# [Feature] Moving Average query type
## A groupBy-wrapping query type, optimized for performing moving-average 
calculations.
Note: The concept of moving averge is also known as rolling average or running 
average.

## Background:
In general terms, a Moving Average is a calculation performed on top of a time 
series, in order to smooth out fluctuations. 

Below is an example of the smoothing effect of a moving average function:
![An example of two moving average 
curves](https://upload.wikimedia.org/wikipedia/commons/d/d9/MovingAverage.GIF 
"An example of two moving average curves")

A simple example would be a trailing seven-day average for page views. The 
value of each day in the result would be the average page views of the last 7 
days for that day:

![](https://latex.codecogs.com/gif.latex?trailingPageViews=\frac{\sum_{i=day-6}^{day}pageViews_i}{7})

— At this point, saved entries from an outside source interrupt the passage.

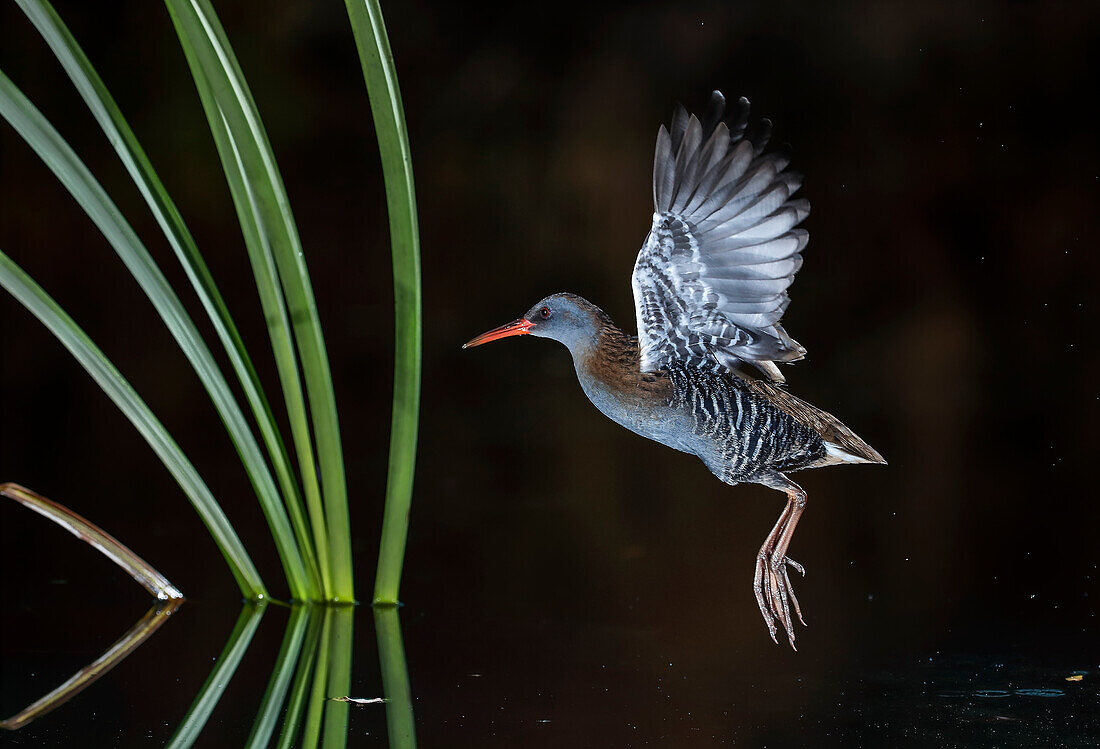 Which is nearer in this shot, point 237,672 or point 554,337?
point 237,672

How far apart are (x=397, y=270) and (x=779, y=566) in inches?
20.0

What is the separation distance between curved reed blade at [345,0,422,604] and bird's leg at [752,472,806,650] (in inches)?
15.3

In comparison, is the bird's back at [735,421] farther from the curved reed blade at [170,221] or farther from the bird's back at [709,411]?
the curved reed blade at [170,221]

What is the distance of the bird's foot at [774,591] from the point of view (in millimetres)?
1105

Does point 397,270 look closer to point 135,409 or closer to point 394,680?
point 135,409

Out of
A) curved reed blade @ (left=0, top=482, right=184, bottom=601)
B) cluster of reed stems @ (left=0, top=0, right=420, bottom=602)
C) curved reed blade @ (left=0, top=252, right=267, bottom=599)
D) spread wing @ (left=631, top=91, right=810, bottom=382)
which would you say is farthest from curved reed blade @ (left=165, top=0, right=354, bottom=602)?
spread wing @ (left=631, top=91, right=810, bottom=382)

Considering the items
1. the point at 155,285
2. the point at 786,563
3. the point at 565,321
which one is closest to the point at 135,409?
the point at 155,285

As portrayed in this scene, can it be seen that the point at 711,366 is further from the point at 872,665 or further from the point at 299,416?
the point at 299,416

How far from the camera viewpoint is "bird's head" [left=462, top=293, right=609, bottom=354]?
1086 mm

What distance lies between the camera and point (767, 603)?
3.74ft

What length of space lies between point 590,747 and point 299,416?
0.54 meters

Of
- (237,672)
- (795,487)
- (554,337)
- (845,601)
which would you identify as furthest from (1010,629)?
(237,672)

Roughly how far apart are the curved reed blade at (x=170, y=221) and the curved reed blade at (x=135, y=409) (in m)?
0.07

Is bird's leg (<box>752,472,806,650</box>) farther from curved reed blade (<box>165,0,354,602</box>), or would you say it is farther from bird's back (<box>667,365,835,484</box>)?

An additional theoretical background can be found on the subject’s Wikipedia 
page (titled [Moving Average](https://en.wikipedia.org/wiki/Moving_average)).

## Problem:
Currently, In order to compute a moving average with Druid, one would need to 
union multiple Timeseries/GroupBy queries, one per day of the result.
In addition to being a cumbersome solution, that approach is also less 
efficient, as it requires multiple passes per row.

## Solution:
We propose a new query type, **movingAverage**, which wraps [groupBy 
query](http://druid.io/docs/latest/querying/groupbyquery.html) (Or [timeseries 
query](http://druid.io/docs/latest/querying/timeseriesquery.html) when there 
are no dimensions). 

At high level, the movingAverage is doing the following:
1. Run an inner query (of type groupBy or timeseries) to get initial daily 
aggregations.
2. Computes the moving-average function based on inner query results.
3. Return combined records with both the simple aggregation and the moving 
average.

This allows the query to avoid mulitple segment passes and aggregations per 
granularity period.

In order to allow a flexible definition of the moving average function, 
movingAverage query introduces a new interface called **Averager**. The 
averager is somewhat similar to the **Aggregator**, but while the Aggregator's 
input is a metric from the datasource, the Averager's input as an Aggregator 
from the query.

## Example:
This example is based on the `wikipedia` datasource available via the [tutorial 
examples 
package](http://druid.io/docs/latest/tutorials/tutorial-examples.tar.gz).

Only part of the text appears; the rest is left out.